A key question of linguistics:


are there facts that must be true of the grammars of all languages?
This would tell us what the features of the general human language-learning instinct (i.e.,
“Universal Grammar”) are.

Many languages are endangered—


spoken by small populations, where children are more likely to be brought up speaking a
more widespread language instead of the local language.
Linguists believe it’s important to protect linguistic diversity—
each individual language is part of its community’s cultural heritage,
and a piece of the puzzle to understanding how language overall works.

Linguistic competence is thought to be divided up into several modules controlling different


levels of linguistic structure: sounds, sentences, meanings, etc.; each studied in a particular
subfield of linguistics.
The grammar of a language consists of these components and how they interact.

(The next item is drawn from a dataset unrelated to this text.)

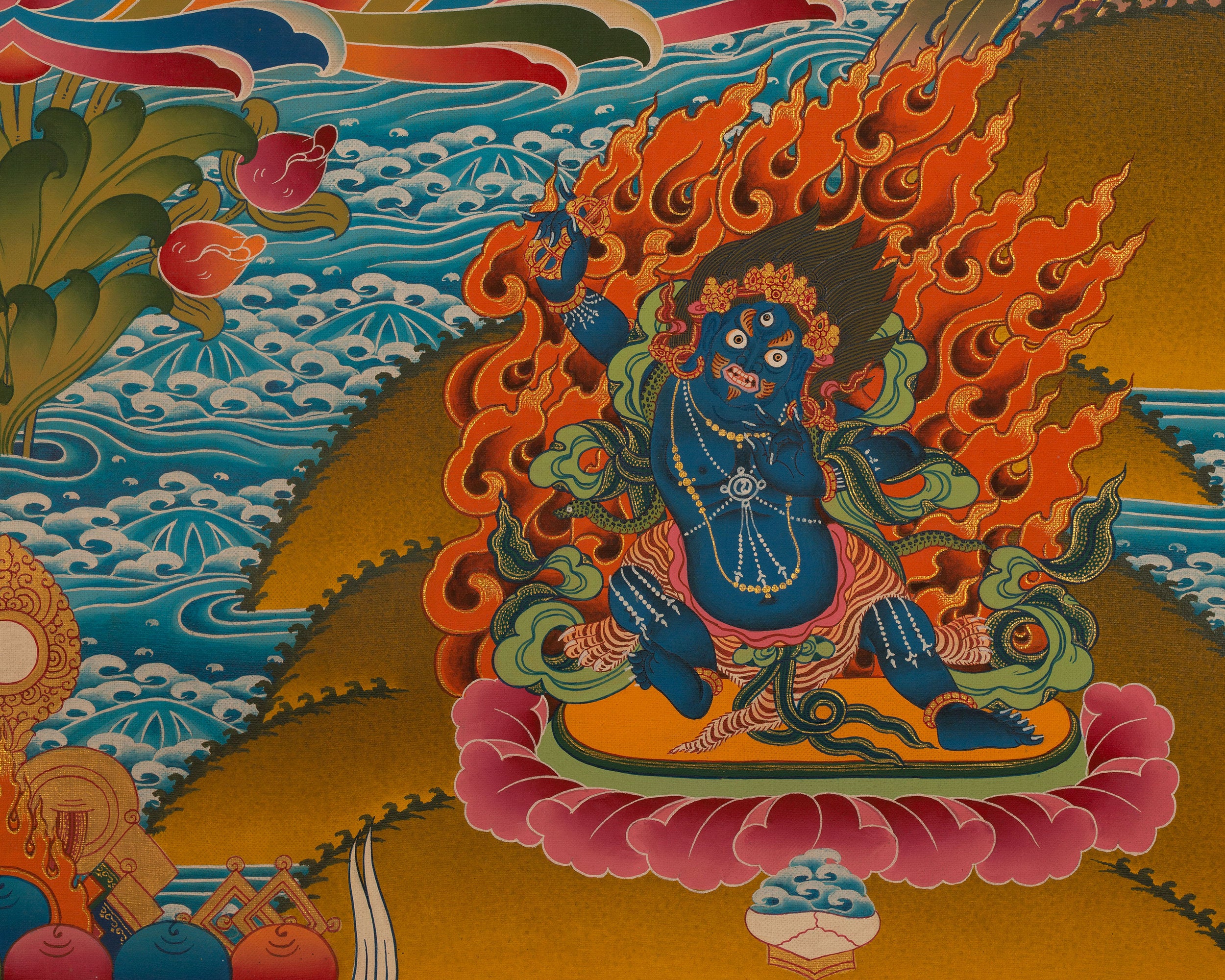 Bodhisattva Four-Armed Chenrezig Thangka | Hand-Painted Deity of Compassion and Mercy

Major subfields of linguistics to be explored in this course:

Phonetics
—the study of speech sounds:
• How do we use our vocal organs to produce speech sounds?
• What are the physical acoustic properties of speech sounds?

Phonology
—the study of the structured relationships between sounds in the grammar:
• What rules dictate which speech sounds are used when?
• How much detail do you have to know about the pronunciation of a word in order to be
able to say it correctly?

Morphology
—the study of the internal compositional structure of words:
• How are words constructed out of smaller meaningful units?
• How does the internal structure of a word relate to its meaning and its relationship to
other elements of the sentence?
Syntax
—the study of the structure of sentences and phrases:
• What combinations of words make up grammatical sentences?
• How is the structure of complex sentences related to simpler sentences?

Semantics
—the study of the meaning of words and sentences:
• What determines if a given sentence is true or false?
• How is the meaning of a sentence related to that of the words in it?

Pragmatics
—the study of how language is used to communicate:
• How can an utterance communicate information other than its literal meaning?
• What assumptions do listeners make about the communicative intent of speakers?

Historical linguistics
—the study of language change over the long term:
• How does language change?
• How can we learn about earlier stages of any given language?
• How are families of languages related to each other?

Sociolinguistics
—the study of language variation in communities:
• How do social features like gender, age, and class influence how people use language?
• Why do people speak differently in different social situations?

Other more-or-less interdisciplinary subfields:


• Psycholinguistics: how is language represented in the mind?
• Neurolinguistics: how is language processed in the brain?
• Computational linguistics: how can human language be modeled in a format that can be
represented on a computer?
• Anthropological linguistics: how is the use of language related to a society’s culture?

Written language is not usually a primary focus of linguistic research:


Spoken language is what is produced by human linguistic competence; writing is a
culturally-dependent technology for recording spoken language.
However, the study of writing systems is itself a subfield of linguistics;
and beyond that, written data is often used for studying languages when it’s more available
or easier to process than spoken data.